MATERIAL PROVIDED:
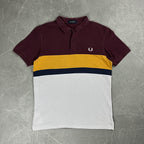 Fred Perry Polo (M)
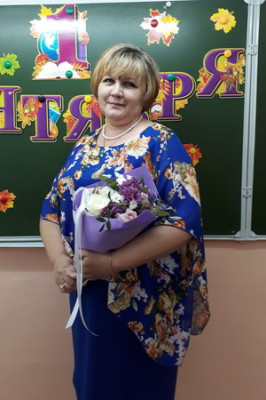 Буланова Вера Владимировна Буланова Вера Владимировна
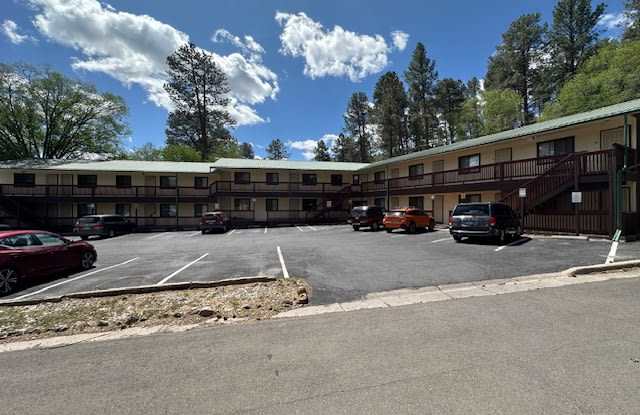 Photo of Willow Tree Lodge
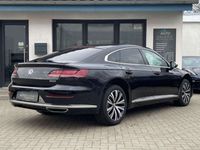 gebraucht VW Arteon Elegance 4Motion°D-Tacho°ACC°KeyGO°LED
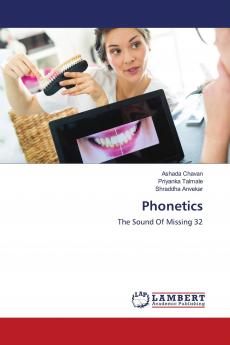 Phonetics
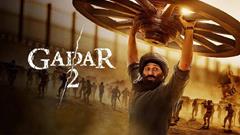 Sunny Deol, Ameesha Patel Starrer Gadar 2 Re-Releases in Theatres with Sign Language Translation on 4th Aug Thumbnail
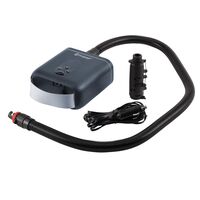 Outwell Τhunderstorm 12V High Pressure Pump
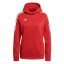 Dámská mikina Adidas Tiro21 - Farbe: Rot, Größe: S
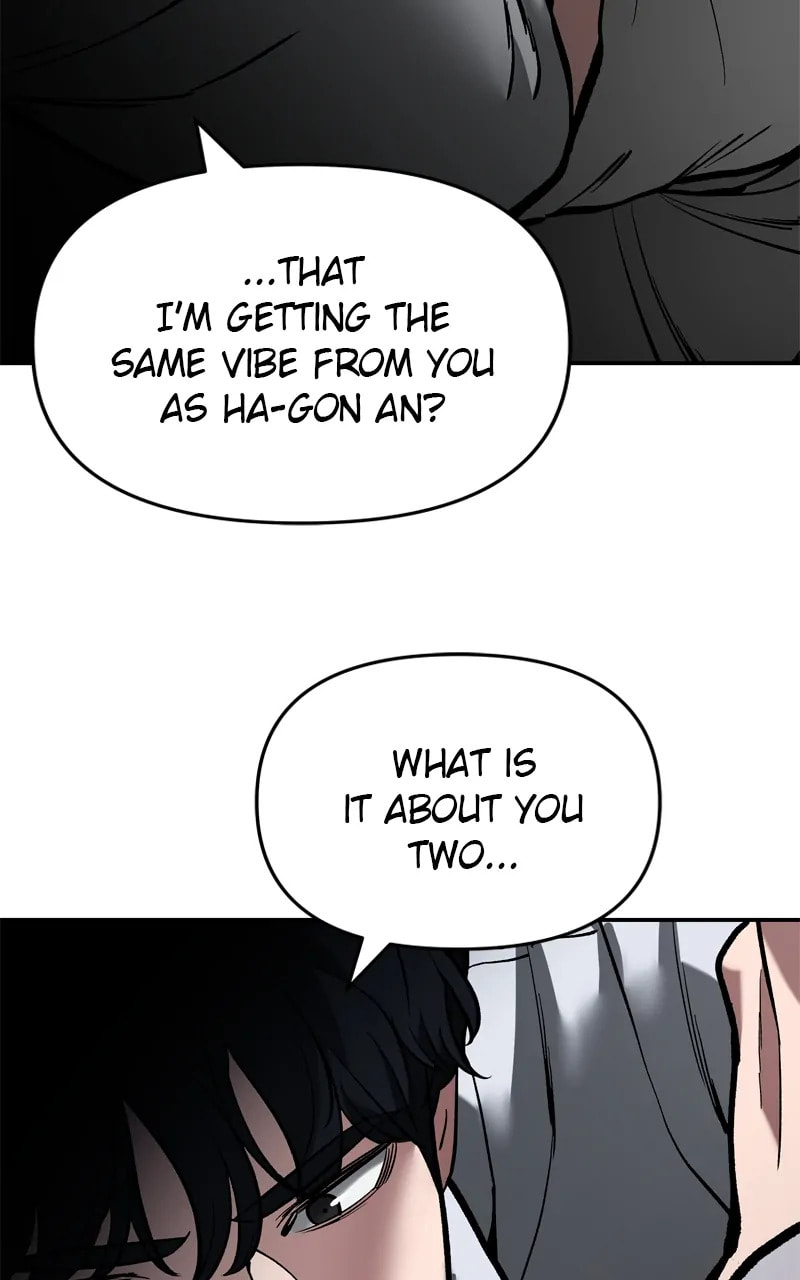 Designated Bully Chapter 67 page 117 - 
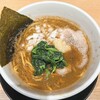 吉祥寺武蔵家 なんばラーメン一座 龍店
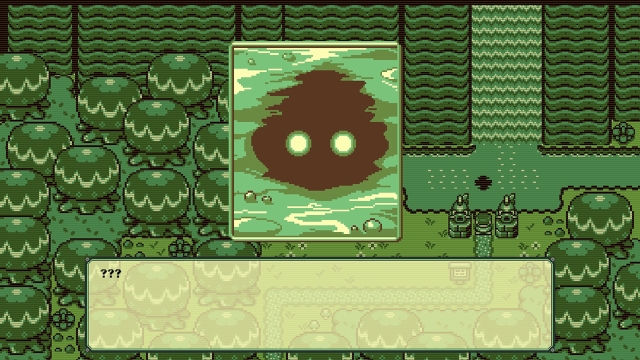 Timothy and the Mysterious Forest (Switch) image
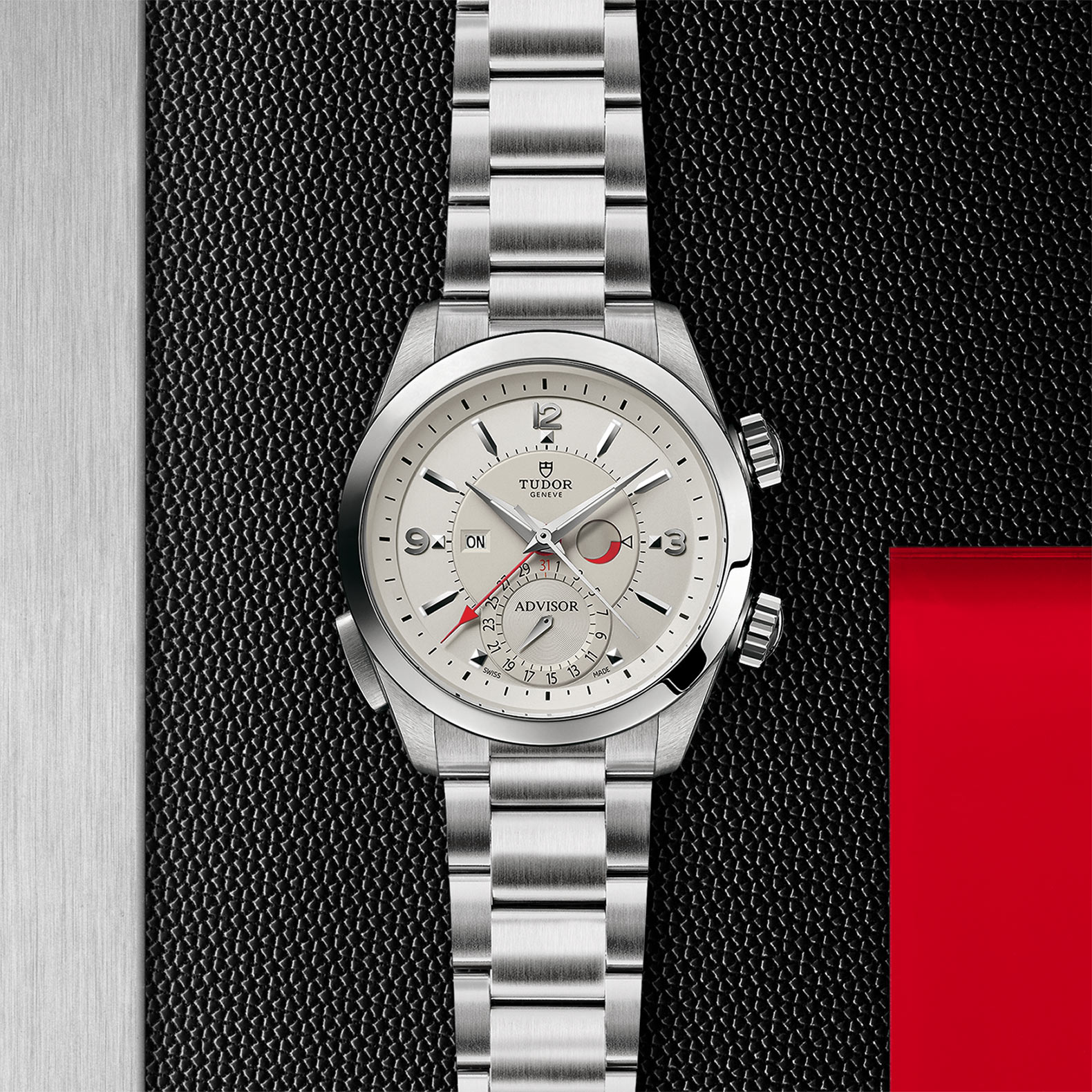 Tudor Heritage Advisor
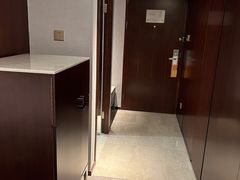 -上海龙之梦万丽酒店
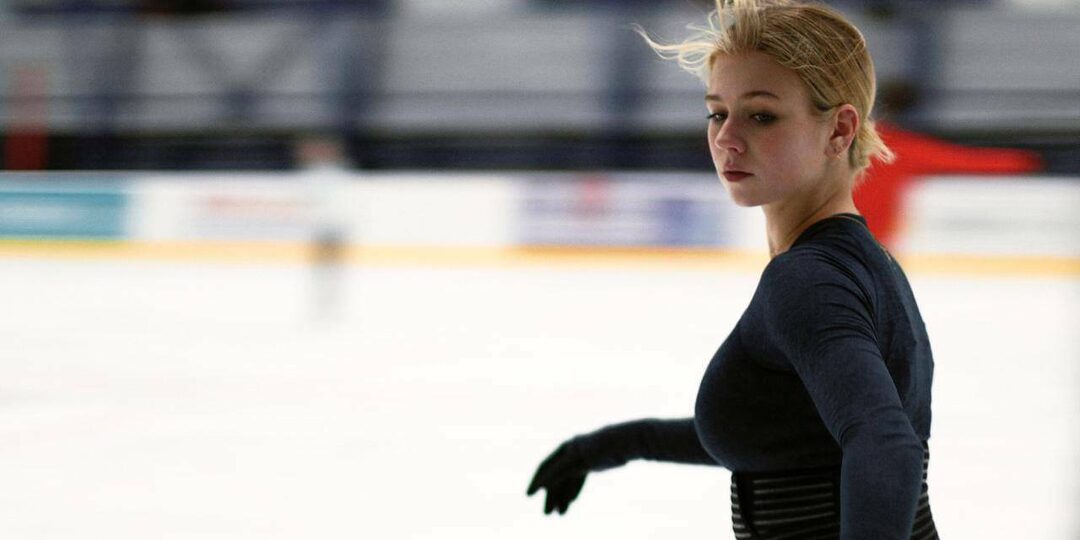 Трусова запрещает своему супругу кататься с другими фигуристками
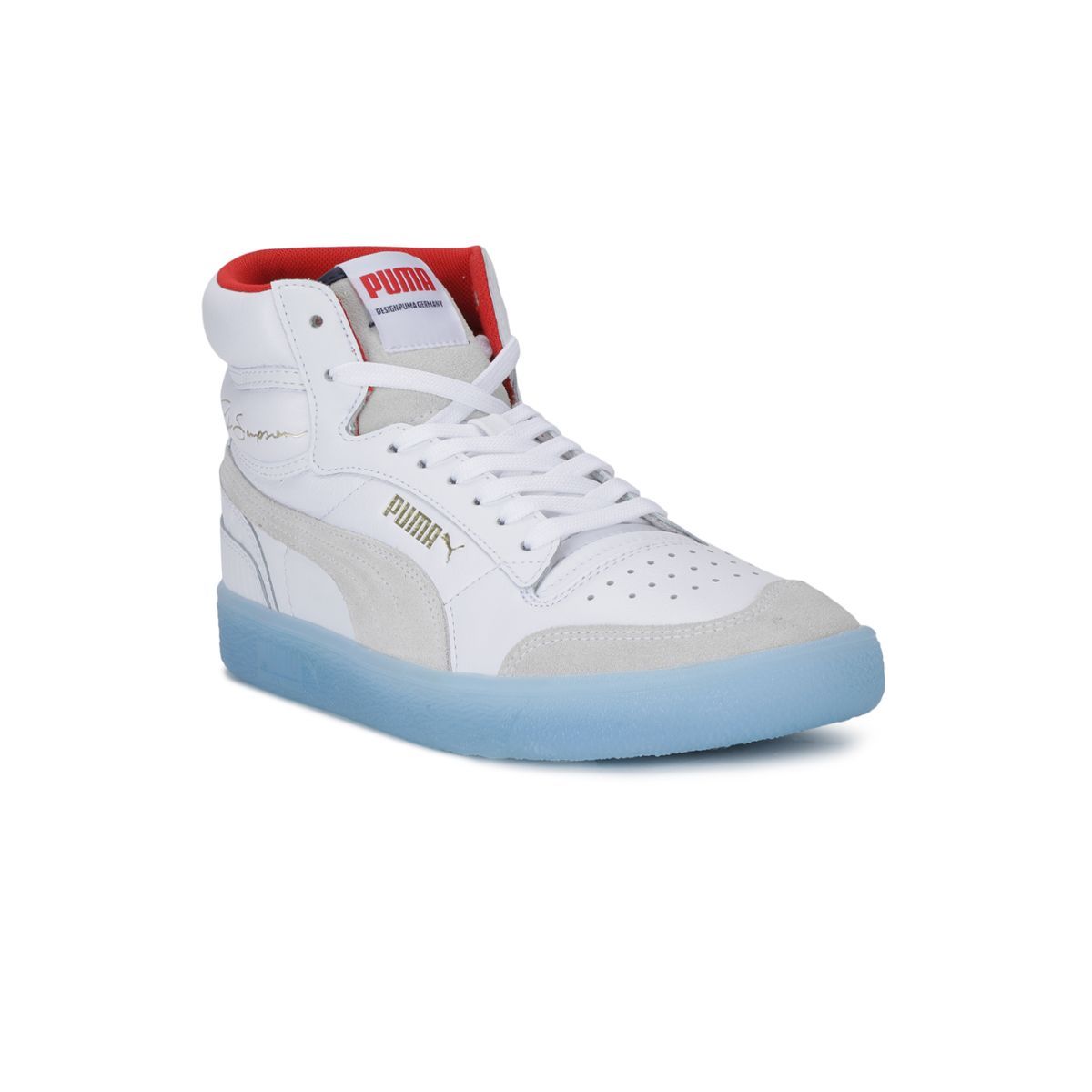 Puma ralph sampson clearance india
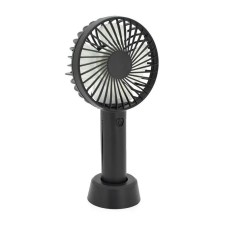 Вентилятор ручной Aero Fan SS-2 (Чёрный)
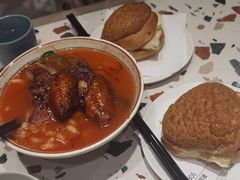 -华嫂冰室(湾仔店)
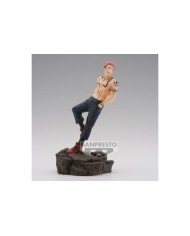 Figura Sukuna Combination Battle 2 Jujutsu Kaisen 12cm  4983164193640 Figura Sukuna Combination Battle 2 Jujutsu Kaisen 12cm  4983164193640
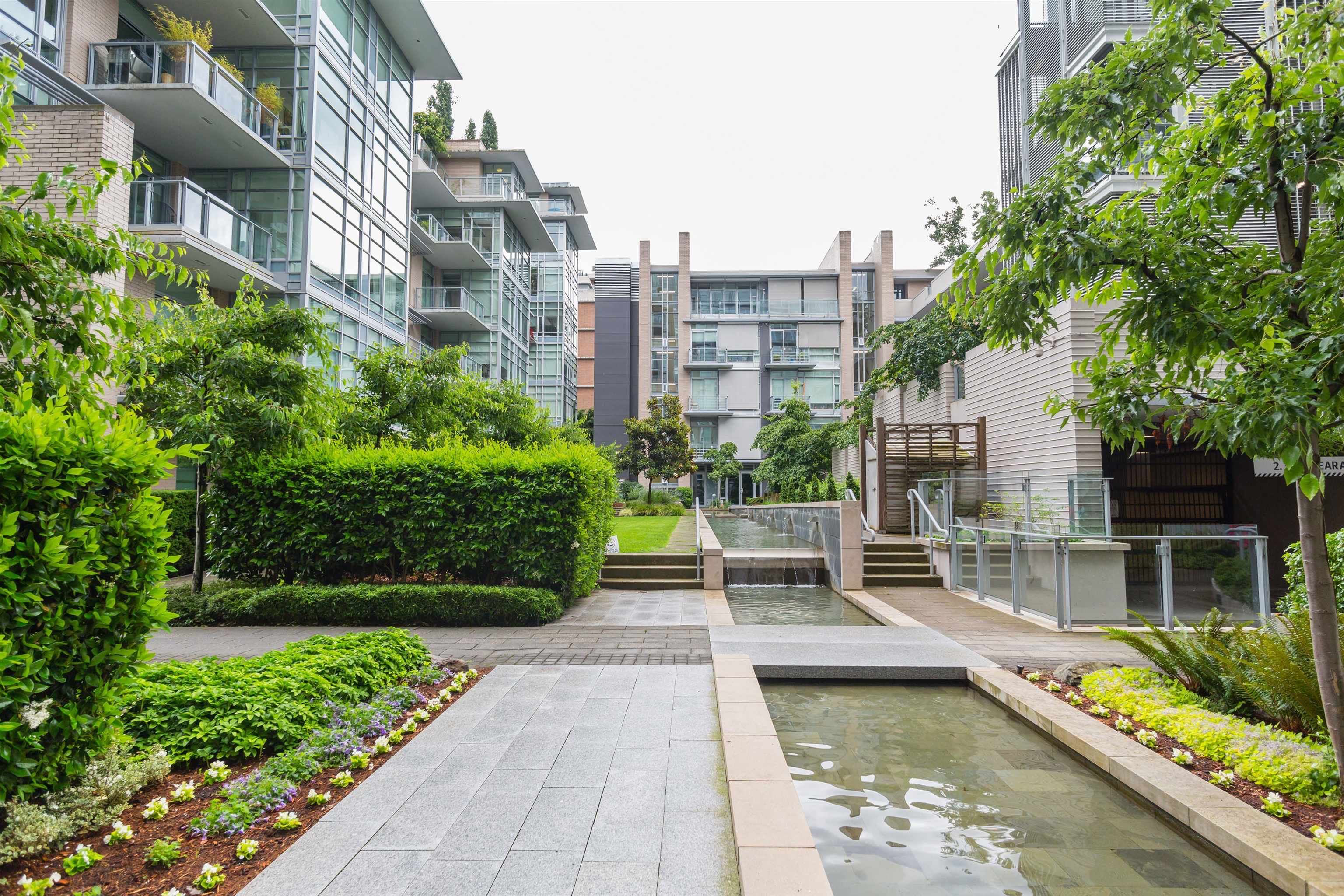 501 170 Athletes Way, Vancouver, False Creek, V5Y 0B5 36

EXERCISE OBJECTIVE: Should there be pictures in the data, leave them out and return the rest exactly.

YOUR RESPONSE:
 Fred Perry Polo (M)
 Буланова Вера Владимировна Буланова Вера Владимировна
 Photo of Willow Tree Lodge
 gebraucht VW Arteon Elegance 4Motion°D-Tacho°ACC°KeyGO°LED
 Phonetics
 Sunny Deol, Ameesha Patel Starrer Gadar 2 Re-Releases in Theatres with Sign Language Translation on 4th Aug Thumbnail
 Outwell Τhunderstorm 12V High Pressure Pump
 Dámská mikina Adidas Tiro21 - Farbe: Rot, Größe: S
 Designated Bully Chapter 67 page 117 - 
 吉祥寺武蔵家 なんばラーメン一座 龍店
 Timothy and the Mysterious Forest (Switch) image
 Tudor Heritage Advisor
 -上海龙之梦万丽酒店
 Трусова запрещает своему супругу кататься с другими фигуристками
 Puma ralph sampson clearance india
 Вентилятор ручной Aero Fan SS-2 (Чёрный)
 -华嫂冰室(湾仔店)
 Figura Sukuna Combination Battle 2 Jujutsu Kaisen 12cm  4983164193640 Figura Sukuna Combination Battle 2 Jujutsu Kaisen 12cm  4983164193640
 501 170 Athletes Way, Vancouver, False Creek, V5Y 0B5 36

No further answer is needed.